A lembrança e auditiva e tátil. Tudo é um borrão, inclusive quando eu quase morri de fato. Apenas o grito “PARA!”, com uma mão segurando meu ombro e a buzina do carro são bem nítidas. Não lembro se eu parei, se eu continuei, ou o que aconteceu. Tudo começa a clarear no momento que meu professor responde a minha pergunta:
“Como controlar uma crise de pânico?”
Momentos de esperança.
Por muito tempo eu pensei que ficaríamos juntos pelo resto da vida. Te coloquei em primeiro lugar em poucos dias depois de te conhecer, e claro, você adorou. Você me prometeu o mundo no nosso primeiro beijo, e eu acreditei por dois anos.
Não posso te culpar, você me deu todas as dicas e fichas, e eu as ignorei. Acreditar na minha paranoia era muito mais confortável, apesar de dolorido à cada frase que você enviava.
Com isso, e mais muitos estresses da época, vieram as crises de pânico, a ansiedade, a anorexia, a insônia. E eu me perdi de mim mesma. O que me guiavam eram apenas os estudos. Foram textos e textos sobre você e para você, lágrimas atrás de lágrimas.
Dois anos depois de nos conhecermos, o dia do nosso último encontro chegou. Não estava nos planos te encontrar naquele dia, por dentro eu não queria pelo simples fato de você me desestabilizar todas as vezes que nossos olhares se cruzam. Mas ao mesmo tempo eu sabia que aquele seria o nosso adeus, a última página. E realmente foi.
O último abraço. Você foi para um lado e eu fui para o outro.
Momentos de luz.
Fazia apenas três dias desde quando eu tinha saído da casa dos meus pais. O coração ainda estava sensível. Os olhos marejados estavam presente nas minhas feições. Mas você conseguiu me tirar de casa por alguns instantes.
Eu sabia o que você queria, era bem mais que nítido, e o bloco de carnaval era só mais uma desculpa para você completar a missão. Saímos da aula e fomos para o centro. Você me mostrou um pouco da cidade, pelo menos o que estava aos arredores. Fomos no Green’s, e descobri que você era o mineiro mais fajuto de todo o estado de Minas Gerais por não gostar de queijo.

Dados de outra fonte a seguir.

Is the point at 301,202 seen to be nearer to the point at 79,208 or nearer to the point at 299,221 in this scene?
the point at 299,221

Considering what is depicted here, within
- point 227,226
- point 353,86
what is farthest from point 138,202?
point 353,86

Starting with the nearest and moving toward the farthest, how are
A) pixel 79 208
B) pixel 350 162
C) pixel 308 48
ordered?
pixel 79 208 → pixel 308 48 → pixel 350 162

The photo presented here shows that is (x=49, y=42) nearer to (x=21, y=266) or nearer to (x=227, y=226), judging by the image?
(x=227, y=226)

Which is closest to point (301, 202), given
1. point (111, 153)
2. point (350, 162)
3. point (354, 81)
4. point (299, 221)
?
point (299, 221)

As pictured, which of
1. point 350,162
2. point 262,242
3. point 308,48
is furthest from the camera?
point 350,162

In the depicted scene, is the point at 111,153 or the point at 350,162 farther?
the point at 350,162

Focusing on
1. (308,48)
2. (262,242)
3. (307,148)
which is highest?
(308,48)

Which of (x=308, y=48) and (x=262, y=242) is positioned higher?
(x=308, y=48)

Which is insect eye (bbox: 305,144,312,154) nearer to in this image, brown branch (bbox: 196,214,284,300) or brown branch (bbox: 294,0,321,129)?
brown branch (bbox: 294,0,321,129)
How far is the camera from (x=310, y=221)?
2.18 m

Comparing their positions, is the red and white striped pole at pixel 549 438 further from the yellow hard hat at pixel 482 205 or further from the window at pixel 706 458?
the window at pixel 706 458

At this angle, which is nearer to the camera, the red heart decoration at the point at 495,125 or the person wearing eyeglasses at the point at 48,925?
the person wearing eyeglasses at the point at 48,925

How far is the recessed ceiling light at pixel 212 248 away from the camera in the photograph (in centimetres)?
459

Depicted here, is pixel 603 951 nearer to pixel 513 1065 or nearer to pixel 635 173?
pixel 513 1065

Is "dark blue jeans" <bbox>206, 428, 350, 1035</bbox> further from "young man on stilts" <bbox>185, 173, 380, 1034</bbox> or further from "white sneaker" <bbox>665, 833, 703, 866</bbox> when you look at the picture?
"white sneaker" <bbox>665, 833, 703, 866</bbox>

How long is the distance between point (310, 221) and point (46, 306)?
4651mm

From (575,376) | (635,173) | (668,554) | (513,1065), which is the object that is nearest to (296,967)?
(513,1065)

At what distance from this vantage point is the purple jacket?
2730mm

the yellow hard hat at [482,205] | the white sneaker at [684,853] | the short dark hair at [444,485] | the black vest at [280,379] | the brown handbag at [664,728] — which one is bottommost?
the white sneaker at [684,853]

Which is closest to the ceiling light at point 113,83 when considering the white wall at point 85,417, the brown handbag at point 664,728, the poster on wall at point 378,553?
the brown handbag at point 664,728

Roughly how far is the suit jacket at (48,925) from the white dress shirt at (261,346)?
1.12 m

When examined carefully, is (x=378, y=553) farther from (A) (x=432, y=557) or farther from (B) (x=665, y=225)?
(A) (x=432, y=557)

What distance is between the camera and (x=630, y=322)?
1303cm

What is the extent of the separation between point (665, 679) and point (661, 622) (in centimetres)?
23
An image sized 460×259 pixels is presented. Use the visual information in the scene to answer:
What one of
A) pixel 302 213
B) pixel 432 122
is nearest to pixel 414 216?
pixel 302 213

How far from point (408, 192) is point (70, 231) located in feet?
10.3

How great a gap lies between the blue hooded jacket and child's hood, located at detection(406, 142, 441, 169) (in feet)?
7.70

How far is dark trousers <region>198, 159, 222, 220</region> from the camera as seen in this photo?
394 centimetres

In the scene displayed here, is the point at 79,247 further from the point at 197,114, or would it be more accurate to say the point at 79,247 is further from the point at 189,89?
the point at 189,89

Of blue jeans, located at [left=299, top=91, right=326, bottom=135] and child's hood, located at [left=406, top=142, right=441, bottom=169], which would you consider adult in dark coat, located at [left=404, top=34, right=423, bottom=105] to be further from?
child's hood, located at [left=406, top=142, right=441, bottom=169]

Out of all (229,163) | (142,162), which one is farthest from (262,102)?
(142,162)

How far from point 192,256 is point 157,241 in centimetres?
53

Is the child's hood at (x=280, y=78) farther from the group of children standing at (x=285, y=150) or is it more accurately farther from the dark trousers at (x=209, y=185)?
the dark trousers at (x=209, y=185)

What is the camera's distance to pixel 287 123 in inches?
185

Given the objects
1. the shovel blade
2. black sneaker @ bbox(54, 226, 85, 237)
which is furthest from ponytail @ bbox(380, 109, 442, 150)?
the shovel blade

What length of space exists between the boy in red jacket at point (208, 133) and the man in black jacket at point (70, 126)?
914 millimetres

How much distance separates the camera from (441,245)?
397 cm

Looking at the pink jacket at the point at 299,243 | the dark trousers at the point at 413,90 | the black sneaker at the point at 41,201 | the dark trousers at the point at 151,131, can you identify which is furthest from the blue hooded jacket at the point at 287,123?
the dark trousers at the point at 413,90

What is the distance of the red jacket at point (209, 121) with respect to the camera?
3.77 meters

Então fomos para a concentração do Bloco. Tudo ainda era muito novo, e para piorar, meu sentimento de repulsa, por querer passar o carnaval na minha cidade, deixou o bloco ainda mais sem graça. Apesar disso, continuei tentando me socializar o máximo possível.
Bloco anda, bloco para. Música vem, música vai. Paramos em frente à estátua do soldado, na esquina da Oito de Dezembro, com outra rua que eu não tenho ideia do nome. Não lembro exatamente o que me fez te abraçar, mas eu fiz isso. Aquele abraço de lado, como quem não quer nada. Também não lembro o motivo de ter olhado para cima naquele momento, mas olhei. E nos beijamos. Talvez o destino tenha colaborado na surdina, ou então o soldado tenha nos abençoado sem a nossa ciência.

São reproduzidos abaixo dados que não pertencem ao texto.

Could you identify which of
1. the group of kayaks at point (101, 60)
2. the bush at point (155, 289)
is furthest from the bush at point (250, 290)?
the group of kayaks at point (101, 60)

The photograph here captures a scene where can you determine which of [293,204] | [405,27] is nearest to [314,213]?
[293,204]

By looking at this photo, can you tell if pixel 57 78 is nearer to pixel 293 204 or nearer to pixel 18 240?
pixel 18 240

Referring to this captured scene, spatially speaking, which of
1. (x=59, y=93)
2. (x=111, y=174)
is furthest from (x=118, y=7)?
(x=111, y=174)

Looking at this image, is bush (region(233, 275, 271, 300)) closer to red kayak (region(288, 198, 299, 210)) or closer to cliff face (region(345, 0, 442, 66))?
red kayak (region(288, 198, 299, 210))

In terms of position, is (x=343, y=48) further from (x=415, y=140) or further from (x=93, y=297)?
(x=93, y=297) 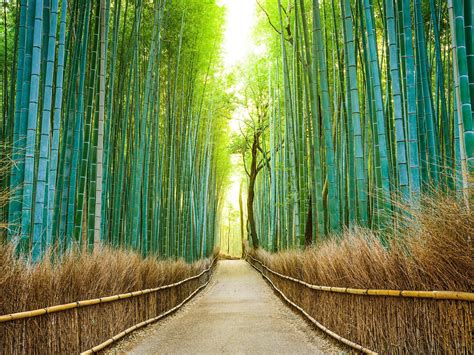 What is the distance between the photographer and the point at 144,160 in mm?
6988

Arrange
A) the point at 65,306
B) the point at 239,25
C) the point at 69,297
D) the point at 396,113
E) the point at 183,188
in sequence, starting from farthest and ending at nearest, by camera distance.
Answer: the point at 239,25
the point at 183,188
the point at 396,113
the point at 69,297
the point at 65,306

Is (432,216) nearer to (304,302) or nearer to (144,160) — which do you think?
(304,302)

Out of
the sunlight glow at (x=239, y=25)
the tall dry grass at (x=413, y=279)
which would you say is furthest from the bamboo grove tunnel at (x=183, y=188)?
the sunlight glow at (x=239, y=25)

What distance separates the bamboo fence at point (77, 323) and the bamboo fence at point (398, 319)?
1.79 meters

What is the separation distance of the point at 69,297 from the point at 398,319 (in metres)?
2.07

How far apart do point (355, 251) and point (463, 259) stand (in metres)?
1.55

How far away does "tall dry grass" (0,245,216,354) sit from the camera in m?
2.46

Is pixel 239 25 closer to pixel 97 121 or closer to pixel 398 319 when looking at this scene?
pixel 97 121

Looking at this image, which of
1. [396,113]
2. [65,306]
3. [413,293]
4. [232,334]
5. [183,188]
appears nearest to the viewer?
[413,293]

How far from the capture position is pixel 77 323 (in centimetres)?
324

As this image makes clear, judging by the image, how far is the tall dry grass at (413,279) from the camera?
6.88 feet

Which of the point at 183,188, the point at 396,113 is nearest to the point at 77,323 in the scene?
the point at 396,113

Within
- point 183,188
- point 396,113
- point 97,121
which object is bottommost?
point 396,113

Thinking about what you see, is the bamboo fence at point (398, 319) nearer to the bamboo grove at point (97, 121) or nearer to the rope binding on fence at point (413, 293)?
the rope binding on fence at point (413, 293) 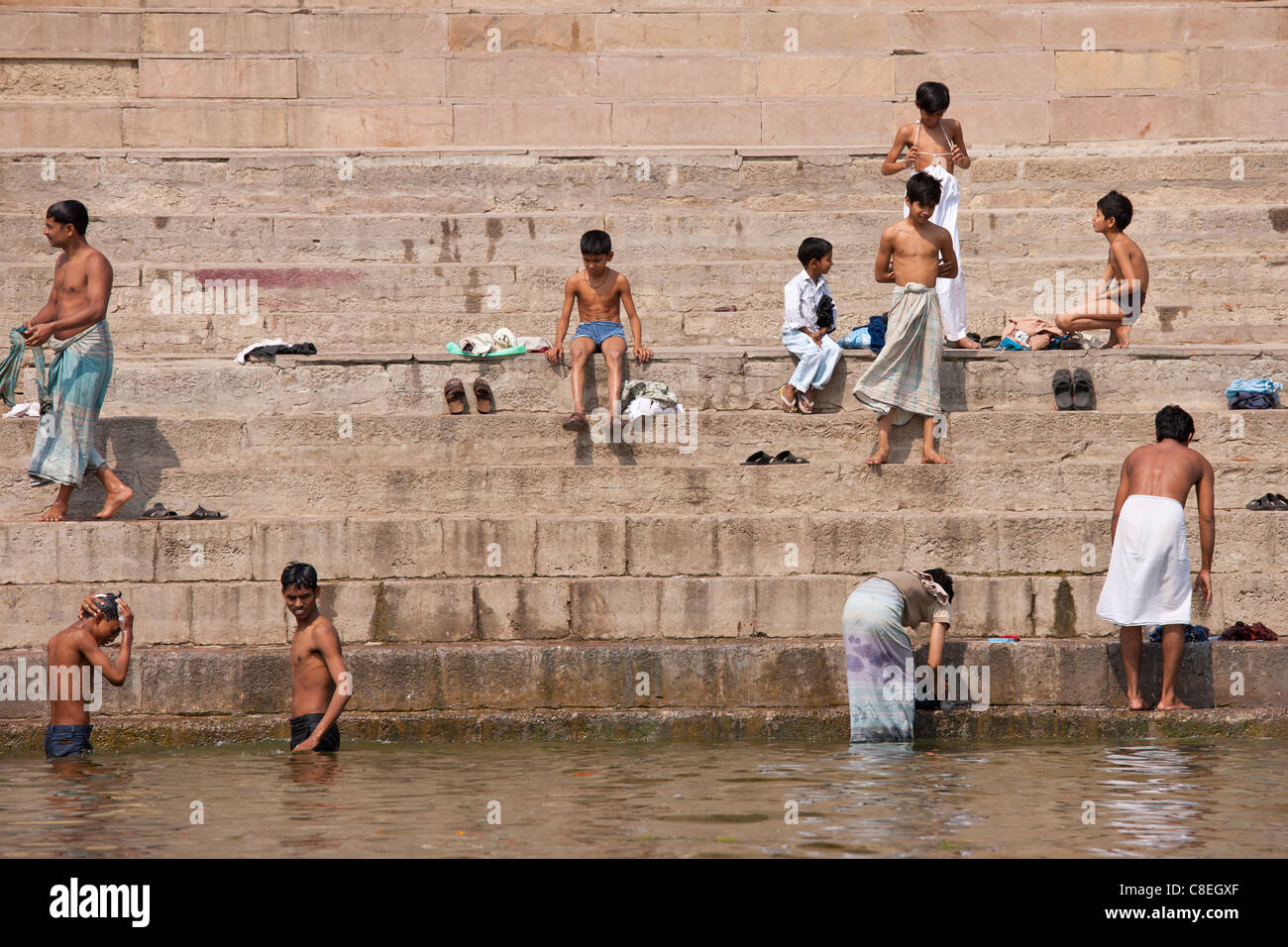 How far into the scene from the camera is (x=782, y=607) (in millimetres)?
8914

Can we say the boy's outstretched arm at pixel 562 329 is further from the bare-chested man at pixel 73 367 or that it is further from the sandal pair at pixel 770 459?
the bare-chested man at pixel 73 367

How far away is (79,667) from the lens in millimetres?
7941

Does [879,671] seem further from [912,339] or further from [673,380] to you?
[673,380]

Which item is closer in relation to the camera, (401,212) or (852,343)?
(852,343)

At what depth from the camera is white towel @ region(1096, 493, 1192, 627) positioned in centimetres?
817

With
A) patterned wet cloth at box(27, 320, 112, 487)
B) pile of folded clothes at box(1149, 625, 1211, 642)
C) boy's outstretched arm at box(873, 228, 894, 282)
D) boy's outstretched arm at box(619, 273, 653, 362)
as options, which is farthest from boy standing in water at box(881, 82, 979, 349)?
patterned wet cloth at box(27, 320, 112, 487)

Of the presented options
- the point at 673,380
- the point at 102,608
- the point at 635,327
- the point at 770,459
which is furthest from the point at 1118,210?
the point at 102,608

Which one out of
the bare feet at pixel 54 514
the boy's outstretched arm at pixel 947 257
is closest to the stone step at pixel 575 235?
the boy's outstretched arm at pixel 947 257

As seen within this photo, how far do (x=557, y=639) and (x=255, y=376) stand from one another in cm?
308

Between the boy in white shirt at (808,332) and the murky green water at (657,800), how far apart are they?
121 inches

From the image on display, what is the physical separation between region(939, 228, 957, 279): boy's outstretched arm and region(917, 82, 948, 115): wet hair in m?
1.47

Voltamos a acompanhar o bloco e a multidão, então à chuva começou, assim como o meu abraço, como quem não quer nada. Nossas mão ficaram juntas para não nos perdermos um do outro. Quando chegamos na avenida principal da cidade, a água caia com força. Deixei minha ingenuidade e espírito clichê falarem mais alto:
“Realiza um sonho meu?”
E você realizou, não só naquela noite, mas em todos os outros dias desde o carnaval de 2019.